An atomic rocket crashes atop a lofty plateau on a South Sea island, a plateau where dinosaurs still survive. Three military men and three scientists climb to the top of the plateau and struggle through the savage environment to recover important data from the rocket. The cast consists of B-movie sci-fi veterans: Cesar Romero (“The Jungle”), John Hoyt (“Attack of the Puppet People”), Hugh Beaumont (“The Mole People”), White Bissell (“The Time Machine” and others), Hillary Brooke (“Invaders from Mars”), Sid Melton (“Captain Midnight”), and a bit part by Acquanetta (“Captive Wild Woman”).
The jungle sets and tabletop miniatures bear a pleasing resemblance to a poor-man’s Skull Island (misty and surrealistic). The special effects during the climactic earthquake are nicely done. The cast does a fair job with Richard Landau’s script. Admirable music by Paul Dunlap. Directed by Sam Newfield.

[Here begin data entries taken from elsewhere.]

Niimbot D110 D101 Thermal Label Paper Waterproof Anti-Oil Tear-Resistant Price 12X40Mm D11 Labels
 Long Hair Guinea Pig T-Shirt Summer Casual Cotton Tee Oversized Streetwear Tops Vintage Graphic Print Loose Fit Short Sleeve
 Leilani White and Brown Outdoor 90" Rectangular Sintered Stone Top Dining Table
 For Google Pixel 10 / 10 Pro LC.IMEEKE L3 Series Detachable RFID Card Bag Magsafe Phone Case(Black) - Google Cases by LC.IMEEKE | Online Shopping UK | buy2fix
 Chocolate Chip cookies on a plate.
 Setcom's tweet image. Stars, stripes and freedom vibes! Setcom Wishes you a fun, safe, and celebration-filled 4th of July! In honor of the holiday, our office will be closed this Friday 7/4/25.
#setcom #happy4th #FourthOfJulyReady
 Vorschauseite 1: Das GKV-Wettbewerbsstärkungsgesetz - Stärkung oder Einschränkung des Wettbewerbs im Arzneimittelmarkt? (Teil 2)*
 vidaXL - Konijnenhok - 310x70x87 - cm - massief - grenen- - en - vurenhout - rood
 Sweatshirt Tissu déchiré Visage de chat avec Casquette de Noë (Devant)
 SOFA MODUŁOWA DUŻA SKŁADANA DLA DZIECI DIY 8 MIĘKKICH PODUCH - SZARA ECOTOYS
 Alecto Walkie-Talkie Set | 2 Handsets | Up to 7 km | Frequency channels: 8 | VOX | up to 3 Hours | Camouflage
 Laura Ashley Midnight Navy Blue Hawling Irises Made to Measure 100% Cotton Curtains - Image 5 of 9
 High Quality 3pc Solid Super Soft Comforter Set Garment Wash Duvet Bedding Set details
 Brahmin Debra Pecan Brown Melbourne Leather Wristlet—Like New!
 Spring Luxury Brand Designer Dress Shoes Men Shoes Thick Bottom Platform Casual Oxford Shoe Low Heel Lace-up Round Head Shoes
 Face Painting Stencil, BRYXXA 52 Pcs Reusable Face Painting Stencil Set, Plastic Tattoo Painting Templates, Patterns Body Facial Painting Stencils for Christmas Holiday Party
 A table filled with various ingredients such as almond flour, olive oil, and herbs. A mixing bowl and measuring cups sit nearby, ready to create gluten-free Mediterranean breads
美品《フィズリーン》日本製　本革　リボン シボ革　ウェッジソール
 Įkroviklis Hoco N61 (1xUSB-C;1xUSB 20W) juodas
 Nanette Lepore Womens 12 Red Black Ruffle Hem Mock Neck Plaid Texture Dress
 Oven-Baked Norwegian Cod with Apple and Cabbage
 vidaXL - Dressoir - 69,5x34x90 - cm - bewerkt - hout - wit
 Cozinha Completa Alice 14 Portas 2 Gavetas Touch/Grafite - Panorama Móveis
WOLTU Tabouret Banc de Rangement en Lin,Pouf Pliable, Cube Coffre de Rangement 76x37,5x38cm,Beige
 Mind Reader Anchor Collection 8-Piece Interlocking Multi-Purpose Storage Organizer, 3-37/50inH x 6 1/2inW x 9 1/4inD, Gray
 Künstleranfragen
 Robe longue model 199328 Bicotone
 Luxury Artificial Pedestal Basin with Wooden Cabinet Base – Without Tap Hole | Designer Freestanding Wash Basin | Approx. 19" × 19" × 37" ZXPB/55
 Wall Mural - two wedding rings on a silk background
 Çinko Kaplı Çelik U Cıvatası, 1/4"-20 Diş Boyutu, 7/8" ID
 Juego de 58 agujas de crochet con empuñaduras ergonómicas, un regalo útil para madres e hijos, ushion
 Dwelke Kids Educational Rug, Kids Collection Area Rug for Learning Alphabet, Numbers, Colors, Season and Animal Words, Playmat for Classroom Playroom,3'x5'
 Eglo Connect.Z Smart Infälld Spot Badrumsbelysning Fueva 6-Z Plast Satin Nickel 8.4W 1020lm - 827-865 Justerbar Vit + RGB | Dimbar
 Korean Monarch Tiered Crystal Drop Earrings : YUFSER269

In spite of these assets, the film is defeated by a low budget and the poorly done animation (the credits do not name the animator). Only two triceratops, one brontosaurus, and one pterodactyl are shown. The dinosaur models lack detail. “The Lost Continent” came out early in the sci-fi craze of the 1950s, before any of Harryhausen’s movies. The producers didn’t realize how hungry the public was for rampaging stop-motion monsters.